# YOUR GOAL
Your output should be the lines below from the one with "Talbots Khakis (view 2)" through the one with "MAXTRAX XTREME / Stealth Zwart", copied exactly, pictures excluded.

(Image-text web data)

========================================================================

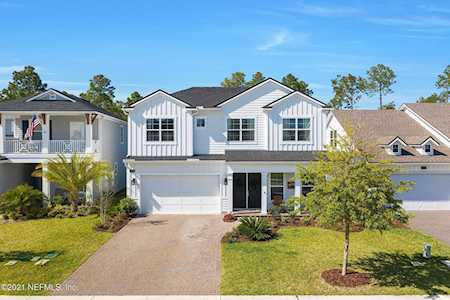 232 Parkbluff Cir Ponte Vedra, FL 32081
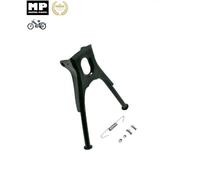 BEQUILLE CYCLO CENTRALE ADAPTABLE MBK 51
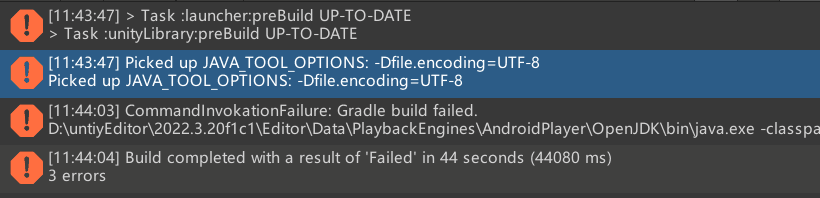 图片[6]-【unity开发】以OPPO手机为例，如何连接安卓设备并调试unity程序-编程算法牛翰社区-数据算法-牛翰网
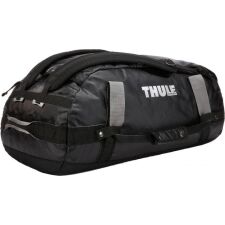 Сумка Thule Chasm 70L TDSD-203 (black)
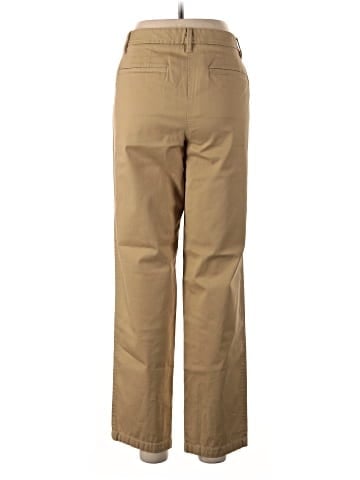 Talbots Khakis (view 2)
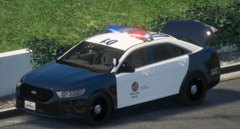 lspd5_6.png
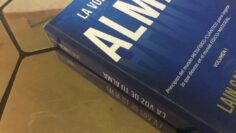 Privado: [ID: bd9LmSyyIFo] Youtube Automatic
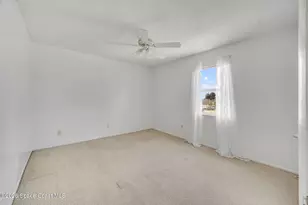 4304 London Town Rd, Titusville, FL 32796 - Photo 15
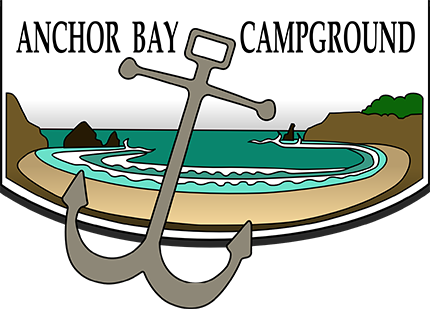 Anchor Bay, California (430x309)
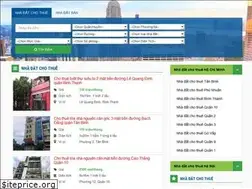 Sites similar to dienkim.com.vn
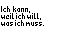 IK1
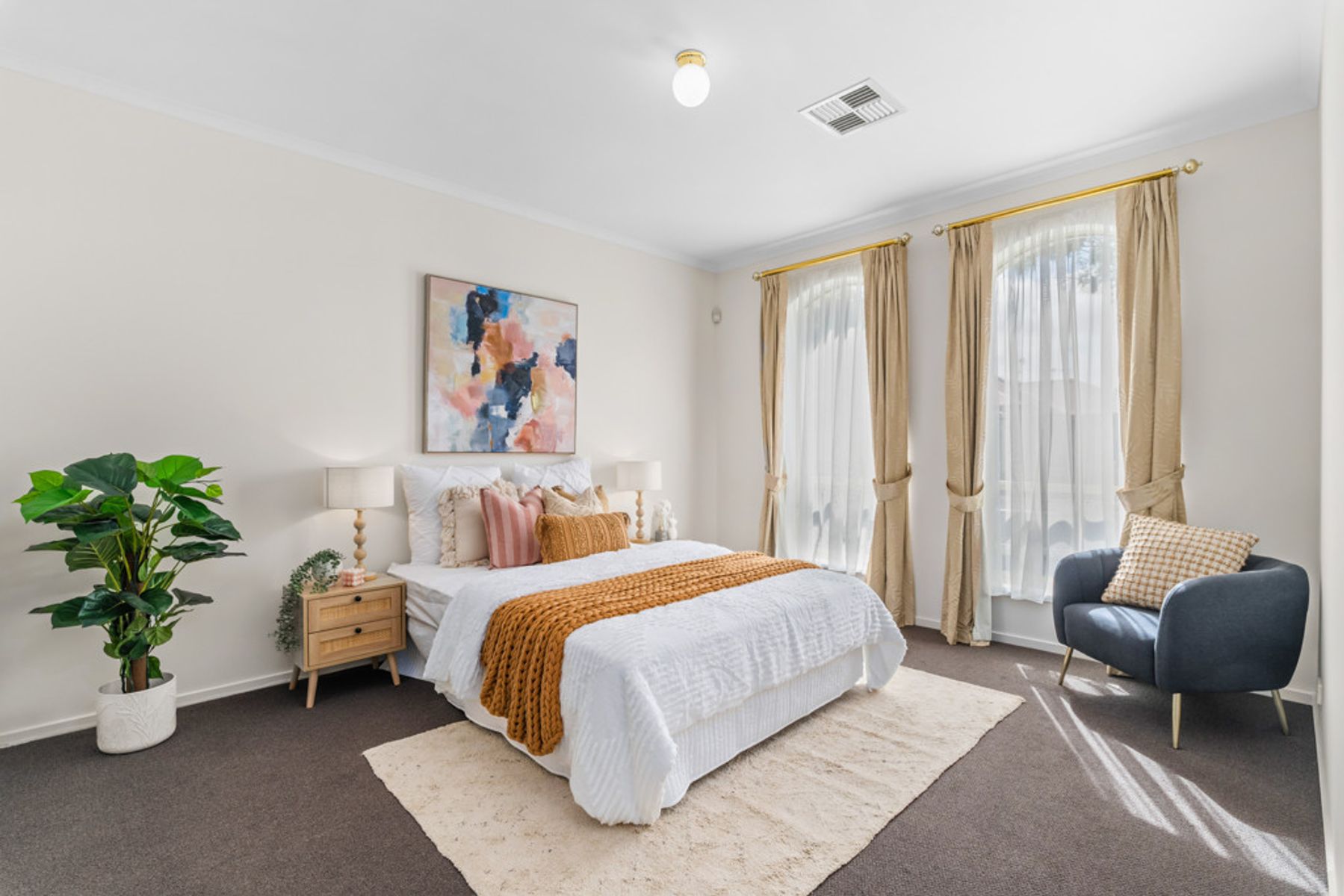 18 Newland Way, Mawson Lakes, SA 5095, Mawson Lakes - Thumbnail 5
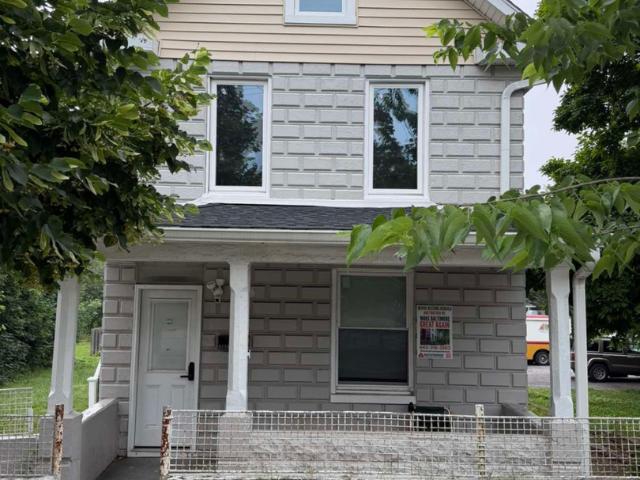 Apartment for rent in Curtis Bay, Baltimore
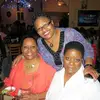 Pam Preston398 - @user2798483109202 - TikTok
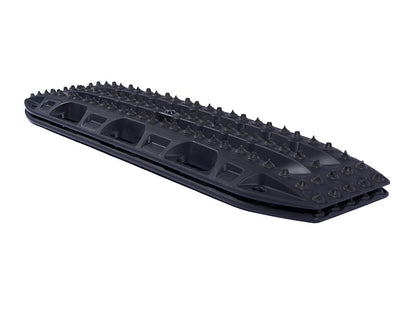 MAXTRAX XTREME / Stealth Zwart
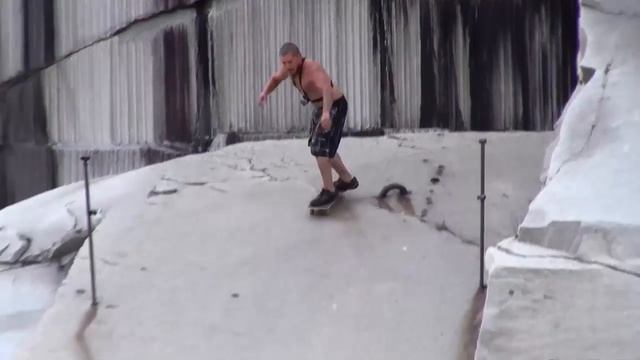 ТОП ЛУЧШИХ ПРЫЖКОВ В ВОДУ (2017) смотреть онлайн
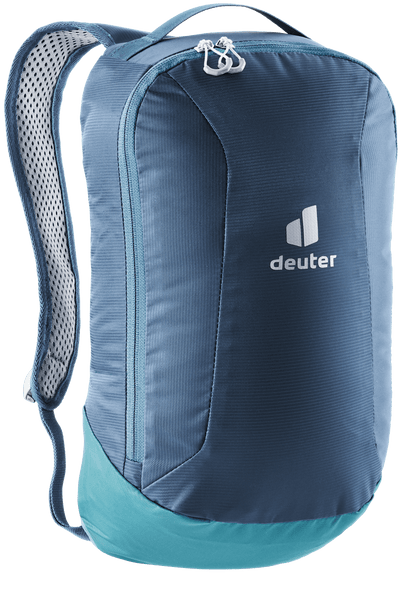 Kid Comfort Pro - Auf und Davon | Outdoor Equipment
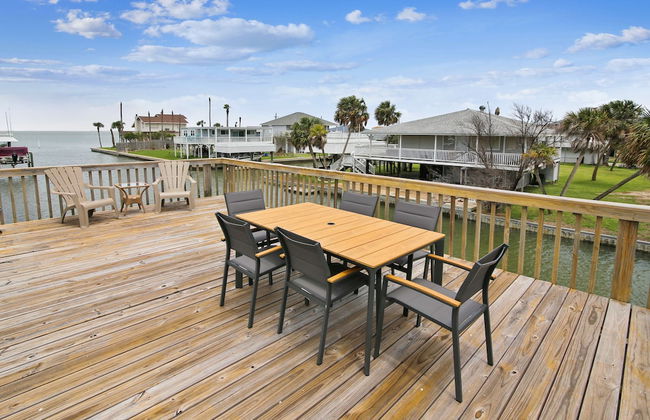 Anchor Down - Foto 20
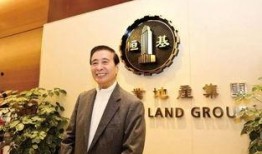 李兆基爆料完整视频在线观看,独家内容抢先看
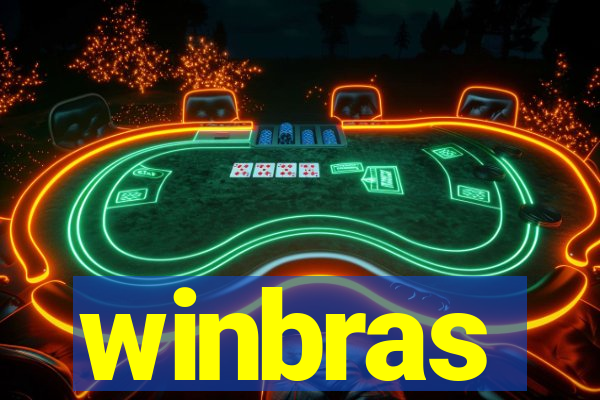 winbras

========================================================================

# SOLUTION TO THE PROBLEM
 Talbots Khakis (view 2)
 lspd5_6.png
 Privado: [ID: bd9LmSyyIFo] Youtube Automatic
 4304 London Town Rd, Titusville, FL 32796 - Photo 15
 Anchor Bay, California (430x309)
 Sites similar to dienkim.com.vn
 IK1
 18 Newland Way, Mawson Lakes, SA 5095, Mawson Lakes - Thumbnail 5
 Apartment for rent in Curtis Bay, Baltimore
 Pam Preston398 - @user2798483109202 - TikTok
 MAXTRAX XTREME / Stealth Zwart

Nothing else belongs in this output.